(EXERCISE INPUTS begins)

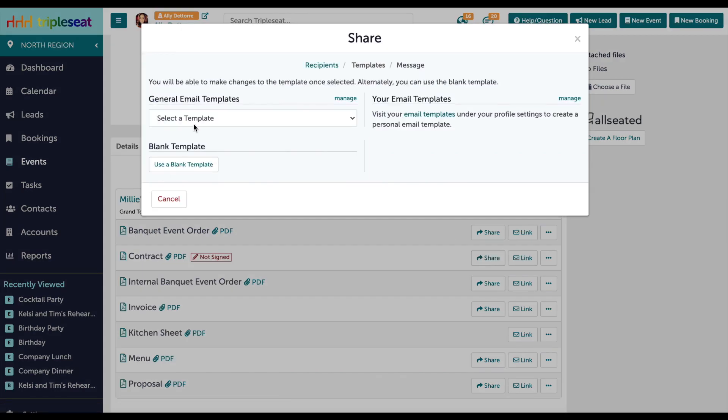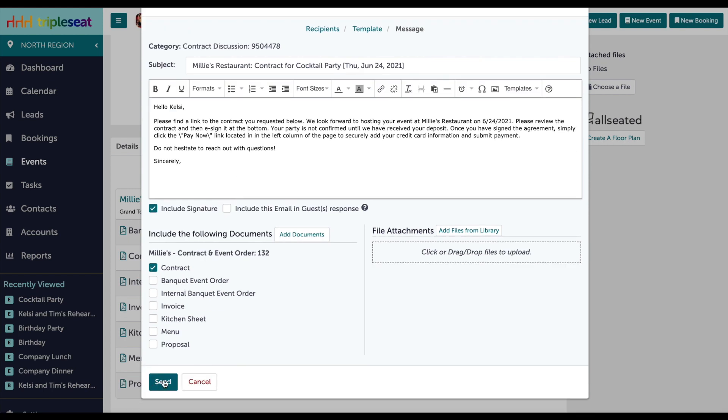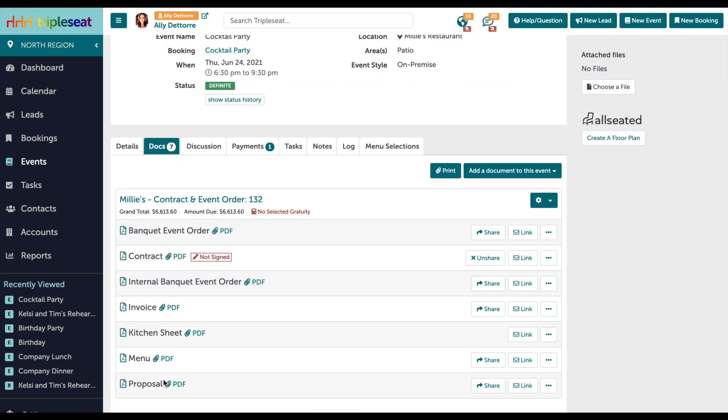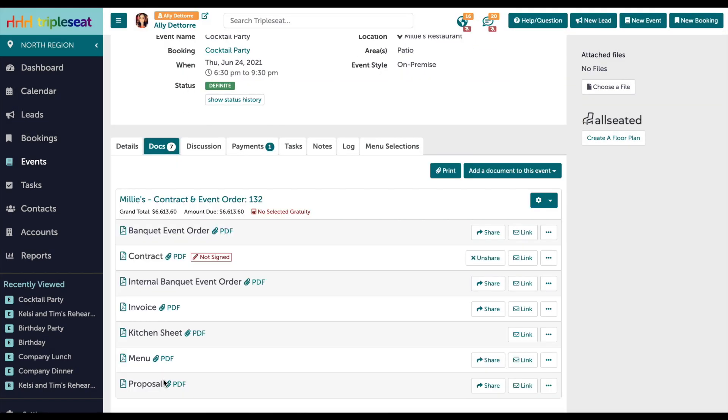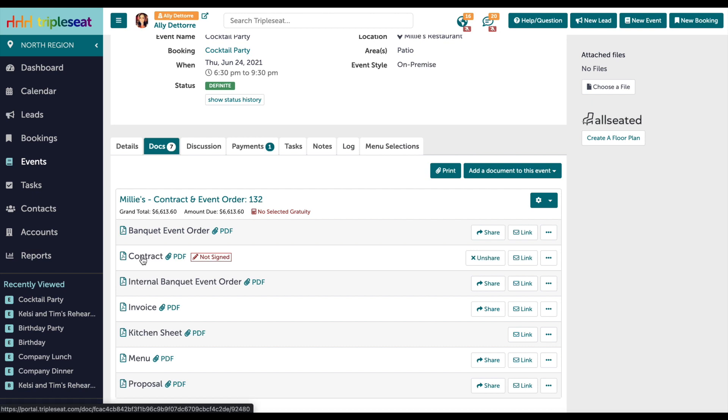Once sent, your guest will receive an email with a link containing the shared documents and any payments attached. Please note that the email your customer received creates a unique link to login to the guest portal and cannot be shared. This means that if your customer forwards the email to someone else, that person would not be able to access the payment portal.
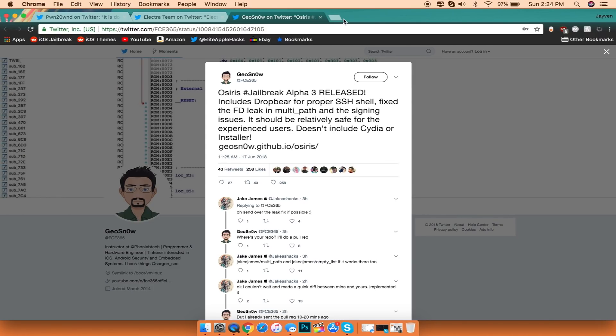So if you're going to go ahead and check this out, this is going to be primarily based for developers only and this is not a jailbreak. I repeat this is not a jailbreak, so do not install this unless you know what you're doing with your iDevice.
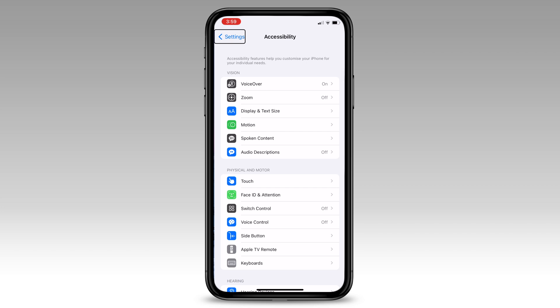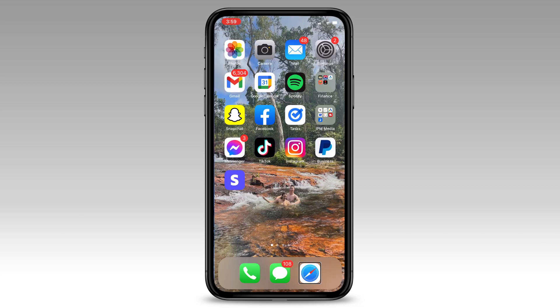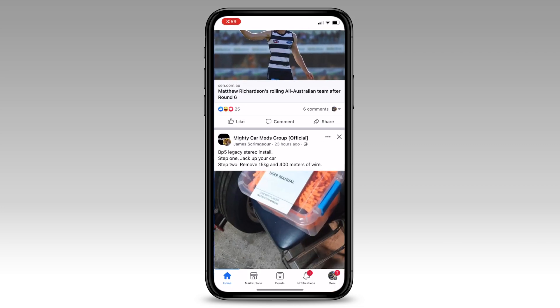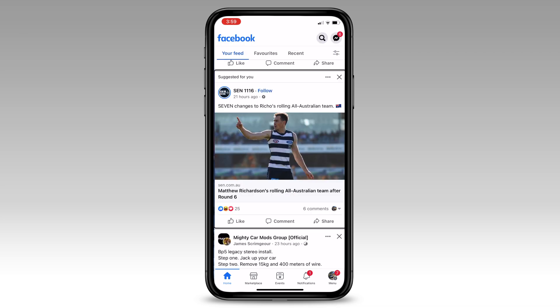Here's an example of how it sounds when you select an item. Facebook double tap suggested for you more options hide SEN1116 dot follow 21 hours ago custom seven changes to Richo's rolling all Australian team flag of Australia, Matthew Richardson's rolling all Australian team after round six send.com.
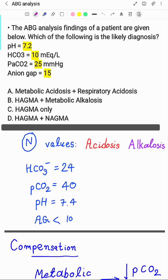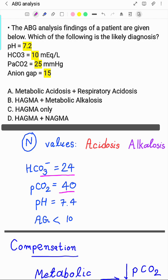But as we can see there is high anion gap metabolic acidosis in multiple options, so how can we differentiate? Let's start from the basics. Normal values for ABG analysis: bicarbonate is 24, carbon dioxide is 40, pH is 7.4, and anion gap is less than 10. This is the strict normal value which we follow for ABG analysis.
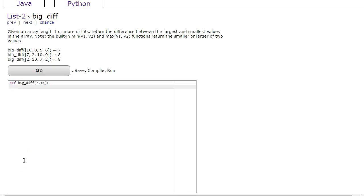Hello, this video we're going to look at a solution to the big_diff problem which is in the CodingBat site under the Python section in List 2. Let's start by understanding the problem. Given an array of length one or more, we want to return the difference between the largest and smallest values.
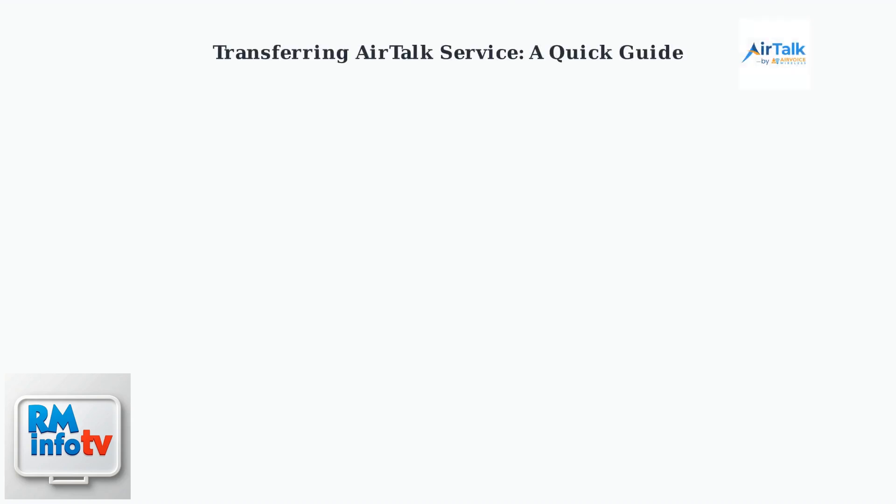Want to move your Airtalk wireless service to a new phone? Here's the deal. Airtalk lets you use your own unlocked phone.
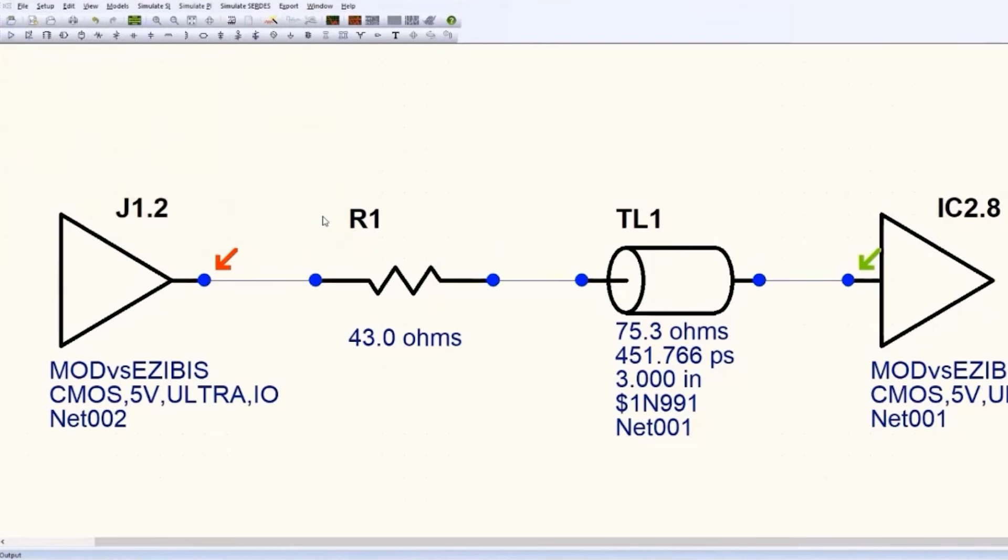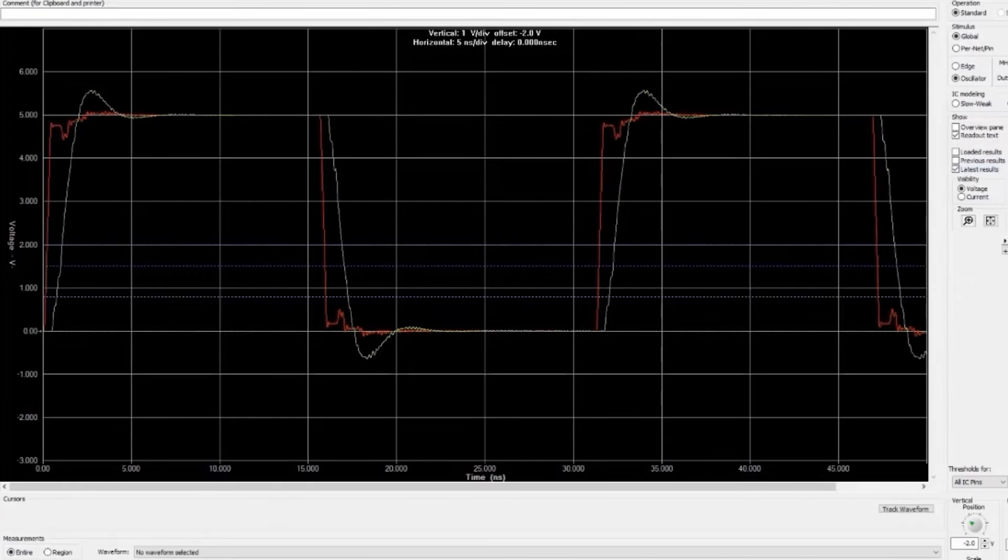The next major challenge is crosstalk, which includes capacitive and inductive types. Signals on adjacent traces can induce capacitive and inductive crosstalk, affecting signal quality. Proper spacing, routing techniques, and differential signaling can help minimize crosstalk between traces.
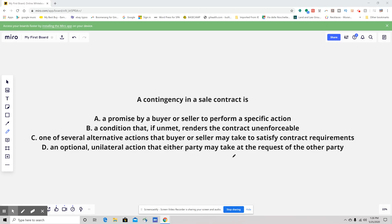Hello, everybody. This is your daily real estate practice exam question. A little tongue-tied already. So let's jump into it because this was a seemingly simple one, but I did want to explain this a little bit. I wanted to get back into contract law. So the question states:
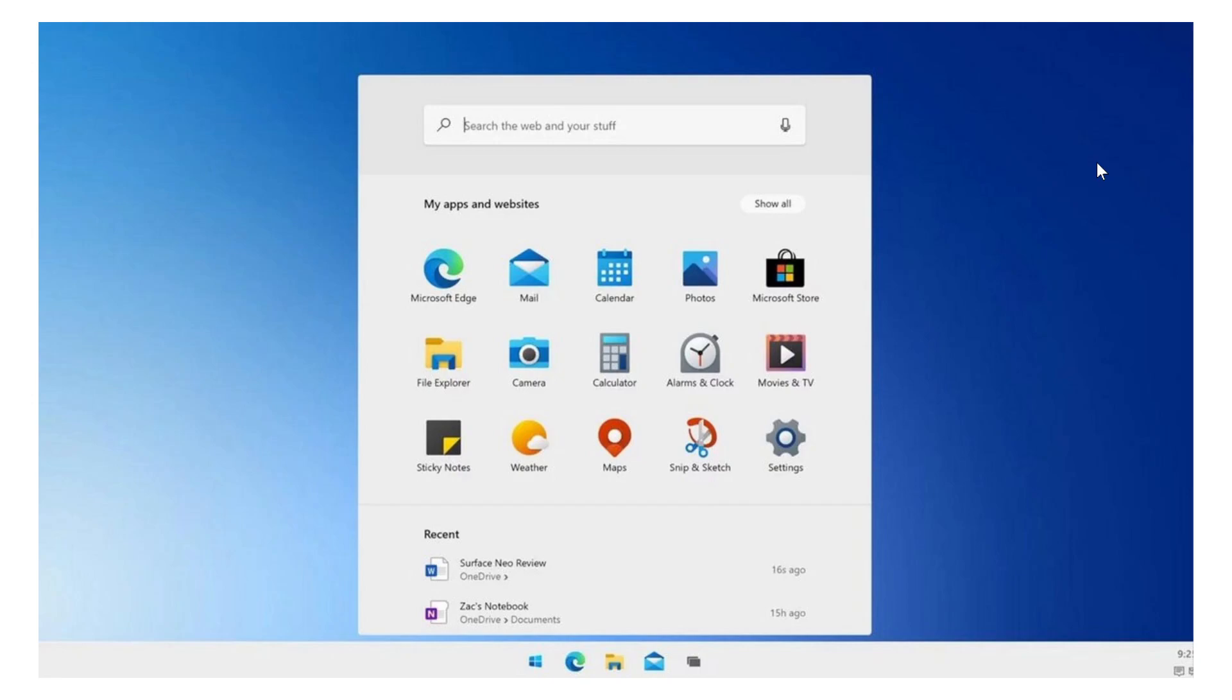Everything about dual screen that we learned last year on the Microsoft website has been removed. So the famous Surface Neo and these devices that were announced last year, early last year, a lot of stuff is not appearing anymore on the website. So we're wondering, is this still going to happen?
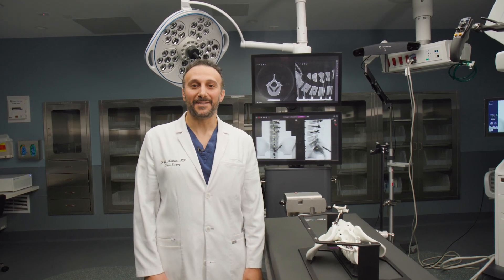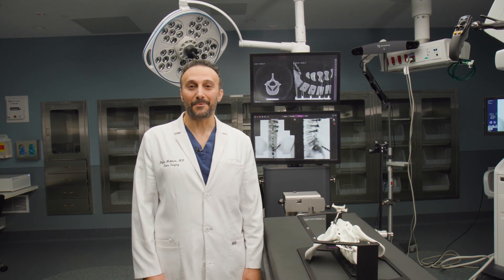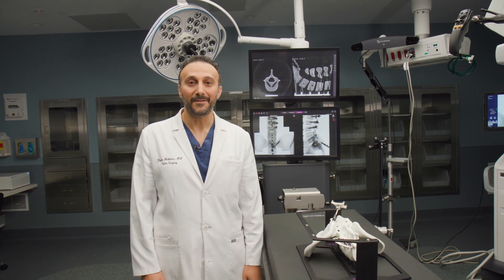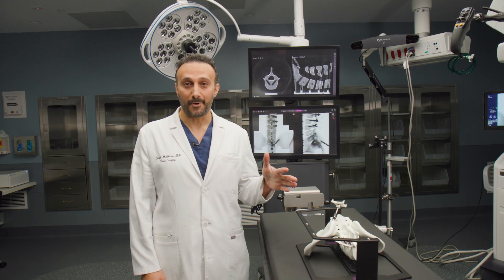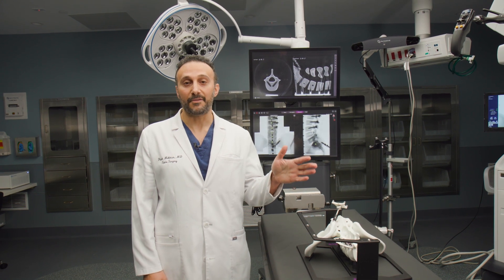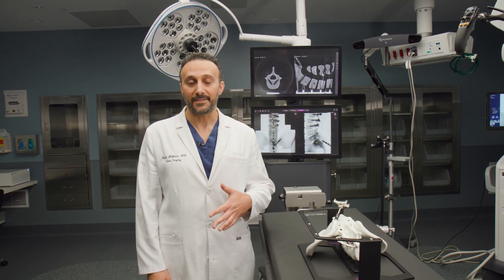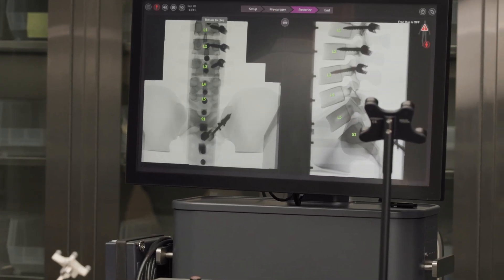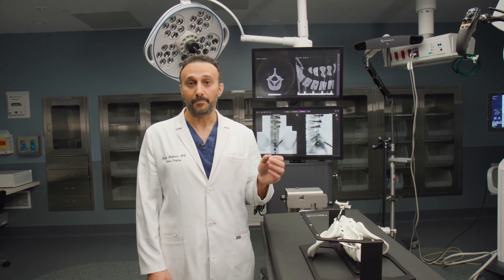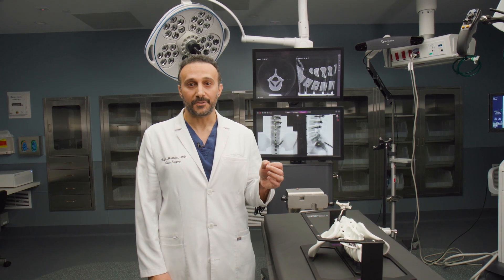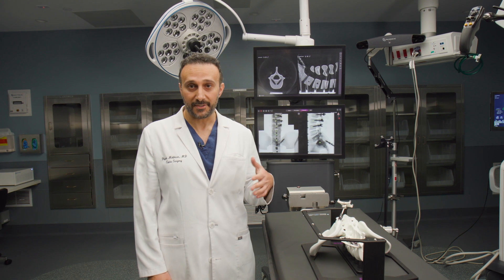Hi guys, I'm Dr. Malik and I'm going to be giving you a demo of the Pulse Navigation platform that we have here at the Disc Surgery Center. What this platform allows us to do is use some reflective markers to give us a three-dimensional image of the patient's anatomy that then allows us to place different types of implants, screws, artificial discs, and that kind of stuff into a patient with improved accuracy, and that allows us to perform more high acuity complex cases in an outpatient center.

(EXERCISE INPUTS ends)

• [WHAT TO PRODUCE]
Word for word, give again the lines from the line holding "The next major" through the last line of the material, both included; pictures are not part of the copy.

• [ANSWER SECTION]
The next major challenge is crosstalk, which includes capacitive and inductive types. Signals on adjacent traces can induce capacitive and inductive crosstalk, affecting signal quality. Proper spacing, routing techniques, and differential signaling can help minimize crosstalk between traces.
Hello, everybody. This is your daily real estate practice exam question. A little tongue-tied already. So let's jump into it because this was a seemingly simple one, but I did want to explain this a little bit. I wanted to get back into contract law. So the question states:
Everything about dual screen that we learned last year on the Microsoft website has been removed. So the famous Surface Neo and these devices that were announced last year, early last year, a lot of stuff is not appearing anymore on the website. So we're wondering, is this still going to happen?
Hi guys, I'm Dr. Malik and I'm going to be giving you a demo of the Pulse Navigation platform that we have here at the Disc Surgery Center. What this platform allows us to do is use some reflective markers to give us a three-dimensional image of the patient's anatomy that then allows us to place different types of implants, screws, artificial discs, and that kind of stuff into a patient with improved accuracy, and that allows us to perform more high acuity complex cases in an outpatient center.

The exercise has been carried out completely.